US 12,469,513 B2
System and method for replicating background acoustic properties using neural networks
Dushyant Sharma, Tracy, CA (US); James Wellford Fosburgh, Syracuse, NY (US); and Patrick Aubrey Naylor, Reading (GB)
Assigned to Microsoft Technology Licensing, LLC, Redmond, WA (US)
Filed by Microsoft Technology Licensing, LLC, Redmond, WA (US)

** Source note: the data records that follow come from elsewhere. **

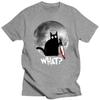 Fashion What Cat Full Moon T Shirts Men Short Sleeved Funny Halloween Black Tshirt Murderous Cat With Knife T-shirt Graphic Tee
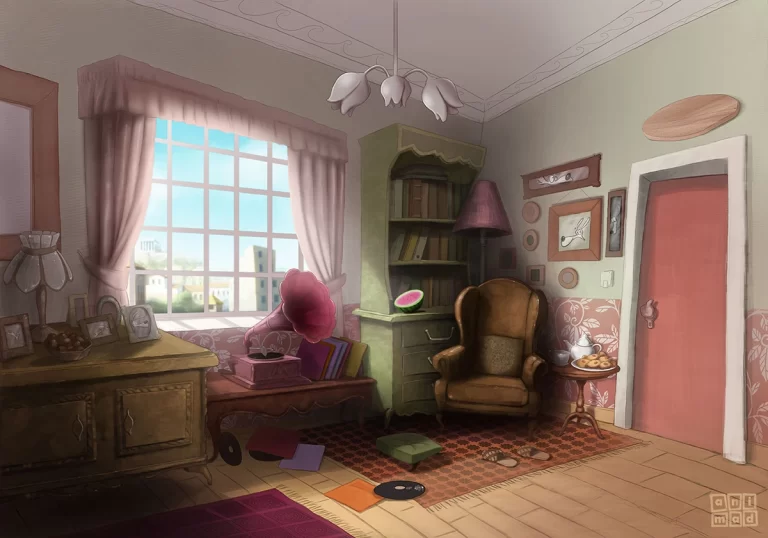 Background for 2D animation showing a cozy and vintage living room in daylight with nice warm, soft colors and a leather chair by the window. Outside the room, we can see Athens and the Acropolis. Digital concept art, ANIMaD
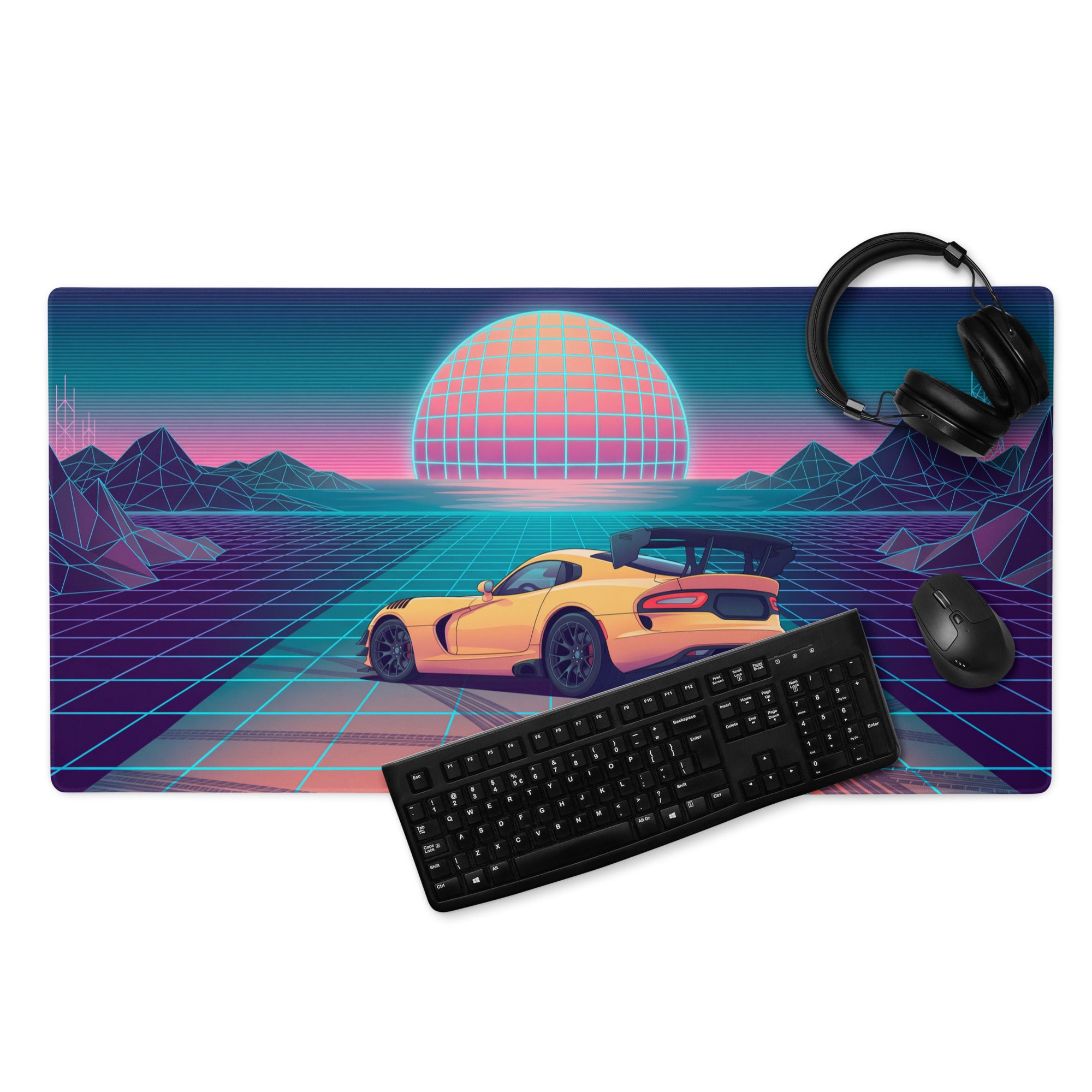 Dodge Viper ACR Inspired Orange Vaporwave Gaming Mouse Pad – Neon Grid Sunset Desk Mat, Retro Futuristic Synthwave Supercar Digital Artwork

Filed on Dec. 6, 2022, as Appl. No. 18/075,573.
Prior Publication US 2024/0185875 A1, Jun. 6, 2024
Int. Cl. G10L 21/0232 (2013.01); G10L 21/0208 (2013.01); G10L 21/0264 (2013.01); G10L 21/034 (2013.01); G10L 25/18 (2013.01); G10L 25/30 (2013.01)
CPC G10L 21/0232 (2013.01) [G10L 21/0264 (2013.01); G10L 21/034 (2013.01); G10L 25/18 (2013.01); G10L 25/30 (2013.01); G10L 2021/02082 (2013.01)] 20 Claims
OG exemplary drawing
 
1. A computer-implemented method, executed on a computing device, comprising:
receiving a target audio signal segment recorded in a target acoustic environment, wherein a speech processing system is deployed in the target acoustic environment;
receiving an input audio signal segment generated by a text-to-speech (TTS) system, wherein background acoustic properties of the input audio signal segment mismatch background acoustic properties of the target audio signal segment;
estimating noise spectrum from the target audio signal segment;
generating an acoustic neural embedding from the target audio signal segment;
estimating loss associated with processing the target audio signal segment with the speech processing system;
generating an augmented audio signal segment with background acoustic properties matching the background acoustic properties of the target audio signal segment by processing the input audio signal segment to add noise and reverberation in accordance with the noise spectrum, the acoustic neural embedding, and the estimated loss associated with processing the target audio signal segment with the speech processing system, wherein a loss associated with processing the augmented audio signal segment with the speech processing system is within a threshold difference of the estimated loss associated with processing the target audio signal segment with the speech processing system; and
training the speech processing system based on training data that includes the augmented audio signal segment.